— Avete un pezzo di filo legato al braccio… perché?
— Stavo misurando la lenza, e mi si è ingarbugliata intorno al gomito.
Convery fissò attentamente Breton. Aveva la faccia cosparsa di graffi ed ecchimosi non certo recenti, ma pareva dotato di una forma che prima non aveva mai posseduto. E nuovo era anche l’atteggiamento reciproco dei due Breton: era come se fossero una persona sola. La professione di Convery non gli aveva consentito spesso di assistere a scene d’amore, ma, quando ne vedeva una, sapeva riconoscerla. Anche questa era una novità provocata dagli avvenimenti degli ultimi giorni. Un’altra parte del mistero.
— Vi ho dato tanti fastidi per niente — disse Kate Breton. — Volete fermarvi a bere qualcosa con noi?

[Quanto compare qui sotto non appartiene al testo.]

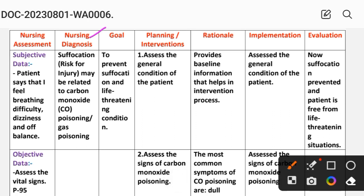Nursing diagnosis: suffocation or risk for injury may be related to carbon monoxide poisoning or gas poisoning. The goal is to prevent suffocation and life-threatening conditions.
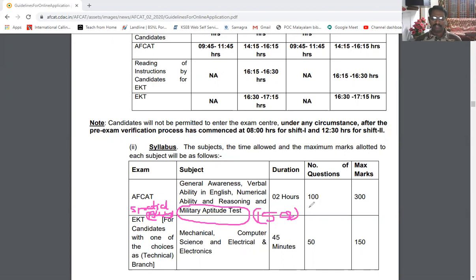15 questions, approximately 3 marks each, so somewhere around 45 marks for this. Now let's look at what all things come under this.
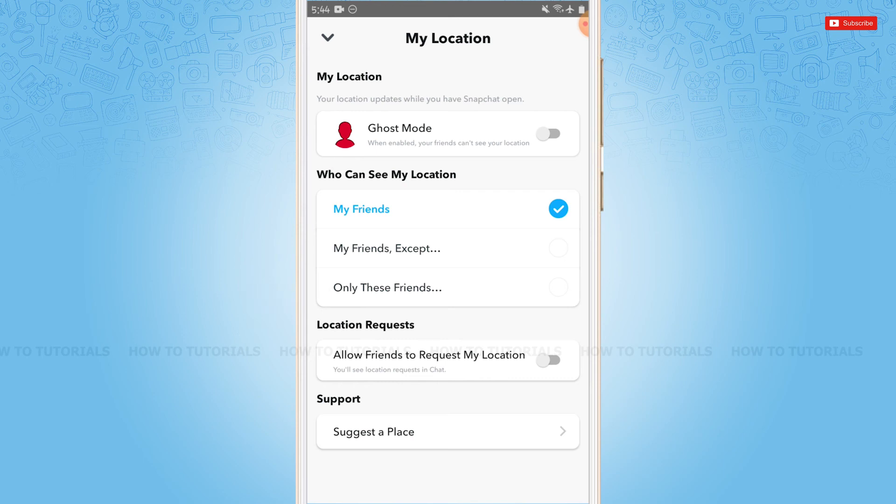After you turn off the Ghost Mode, your location will be visible in Snapchat. Hope this video is helpful for you all on how to turn on the location in Snapchat. Thank you.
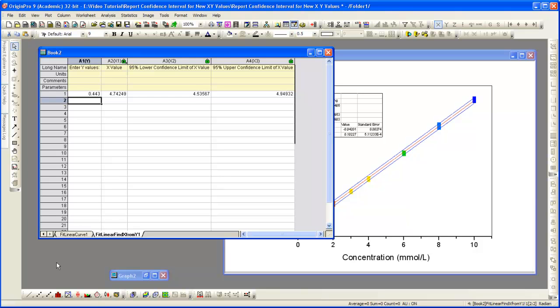When we hit Enter, Origin calculates the corresponding concentration and confidence interval.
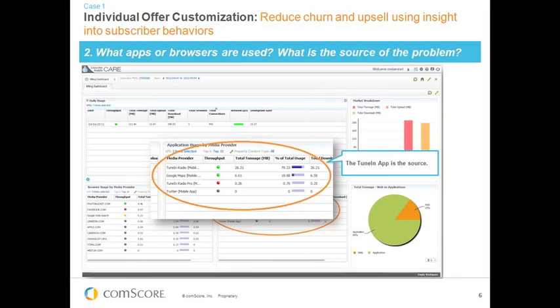If it's intentional use, the subscriber really enjoys listening to TuneIn Radio and would like to do that all month — there's the opportunity for an upsell. We can build into the care rep's workflow the ability to present that as an option, perhaps offering a credit note toward an upgraded tariff that allows them to listen to TuneIn Radio. If it's unintentional, the care rep can walk them through the steps needed to avoid future overages, hopefully ending with a happy subscriber less likely to churn.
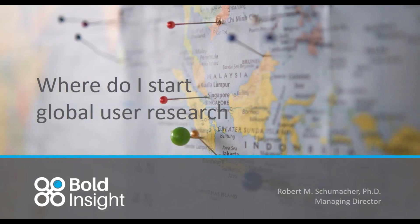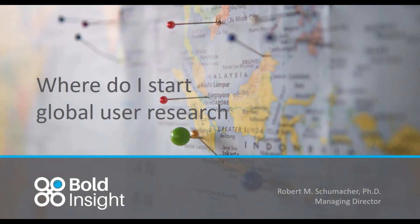Hi, this is Bob Schumacher. I'm here on the third of three webisodes about global user research. The first one covered some of the reasons why one would want to do global research, and in the second we took a look at a few things that might impact the kinds of findings and design elements that would impact user behavior.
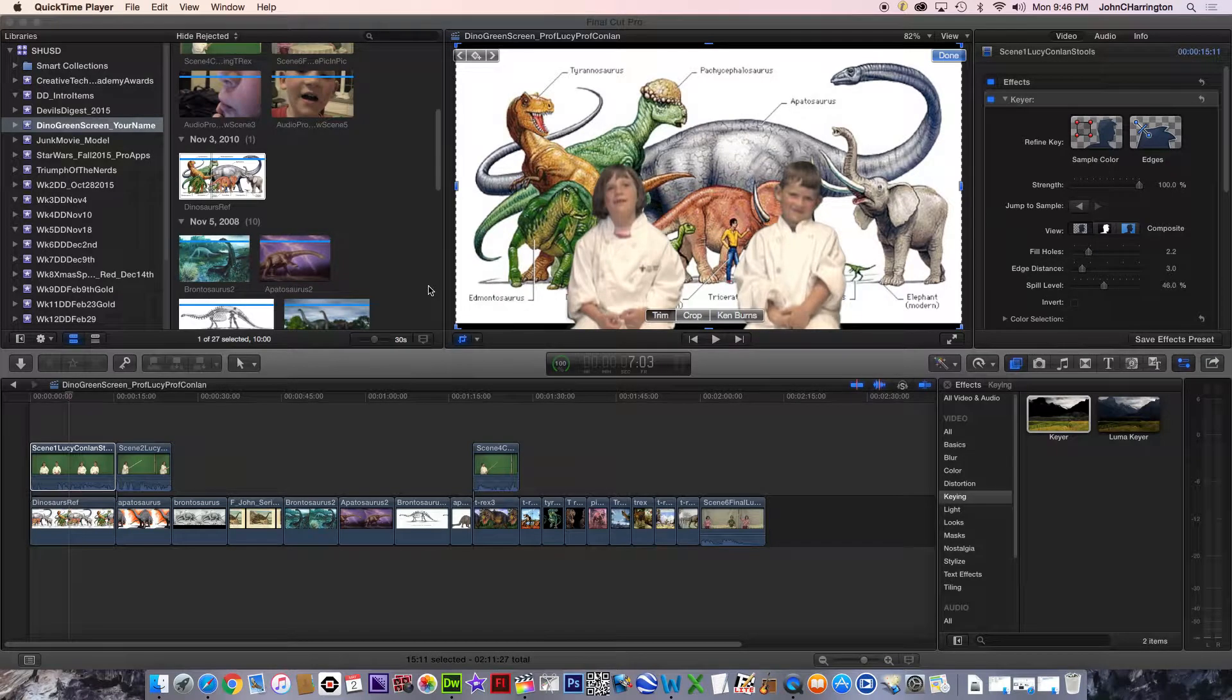Okay, and now you can see that fairly simply we created these really nice green screen or chroma key effects.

Convery scosse la testa. Aveva perso, e lo sapeva. — Vedo che preferite restare soli. — Sapendo che la sua ironia era sprecata, si voltò per andarsene; poi si accorse di tenere in mano la scarpa, e la porse a John.
— Questo mocassino è vostro — disse. — L’ho trovato in riva al lago. Immagino che non vi siate neppure accorto d’averlo perso.
— Proprio così — rispose Breton, sorridendo con aria di scusa. — Vi ho detto che sono disordinato.
— Già, immaginavo che avreste risposto così. Buonanotte.
Convery risalì a passi stanchi la scala di legno e uscì nella notte fredda. Lo sforzo di assimilare tutta la messe di nuovi indizi che aveva raccolto gli fece corrugare le sopracciglia. In cielo, le stelle continuavano a tracciare scie luminose in tutte le direzioni, ma lui non le guardò.
Nello schedario della sua mente erano classificate come “Non inerenti al problema".
Convery si avviò lentamente verso la sua macchina. E, mentre camminava, la sua mano destra, da sola, incominciò a torcersi e a piegarsi… come in attesa della voce magica che non sarebbe mai venuta.
Jack Breton ebbe l’impressione che qualcuno avesse spento la luce della cantina. Rimase fermo, al buio, trattenendo il fiato per il dolore al polso, e con le orecchie pronte a captare qualsiasi rumore nella stanza di sopra. Si rilassò dopo qualche secondo. Il capanno era freddo e vuoto nell’universo del Tempo A, e non era di proprietà dei Breton. “E se” pensò spaventato “fosse in vendita, chiuso e sbarrato dall’esterno?”
Breton fece un passo e gli mancarono le ginocchia. Cadde urtando contro quella che gli parve una grossa cassa, e finì disteso sul pavimento polveroso. Quando cercò di rialzarsi, le braccia e le gambe gli tremavano talmente che vi rinunciò, per il momento, e si lasciò ricadere bocconi.
Al secondo tentativo fu più prudente, e si aggrappò alla cassa con tutte e due le mani, sollevandosi pian piano.
Quando finalmente fu di nuovo in piedi, si appoggiò al legno ruvido della cassa. Ansimava pesantemente.
“Kate!”
Si guardò intorno senza riuscire a vedere nulla, con la certezza struggente che lei era proprio lì in quella cantina, separata solo dalle barriere intangibili della probabilità. E ci sarebbe stato anche John Breton. E l’avrebbe abbracciata.
Jack Breton s’irrigidì, per vincere il dolore che sarebbe sopravvenuto. Ma, miracolosamente, il dolore non venne. Invece sentì il sapore puro, pulito, della riconciliazione. Aveva commesso un errore una volta, ma lo aveva corretto. Aveva rimesso tutto a posto.
Si avviò a tentoni verso la scala. Camminando lentamente come un vecchio, arrivò di sopra. La porta era aperta. Attraverso le finestre si vedeva il cielo striato da luci spettrali. Anche l’universo del Tempo A aveva la sua pioggia di meteoriti, ma adesso che lui aveva ristabilito l’equilibrio cosmico, tutto sarebbe tornato normale.
Prima di chiudersi la porta alle spalle, Breton si voltò a fissare il buio silenzioso della cantina vuota.
— Scusatemi — disse, sentendosi sciocco, ma incapace di impedire alle labbra di formulare le parole — capisco che voi due preferite stare soli.
Ed ebbe l’illogica convinzione che Kate e John avessero ricevuto il suo messaggio.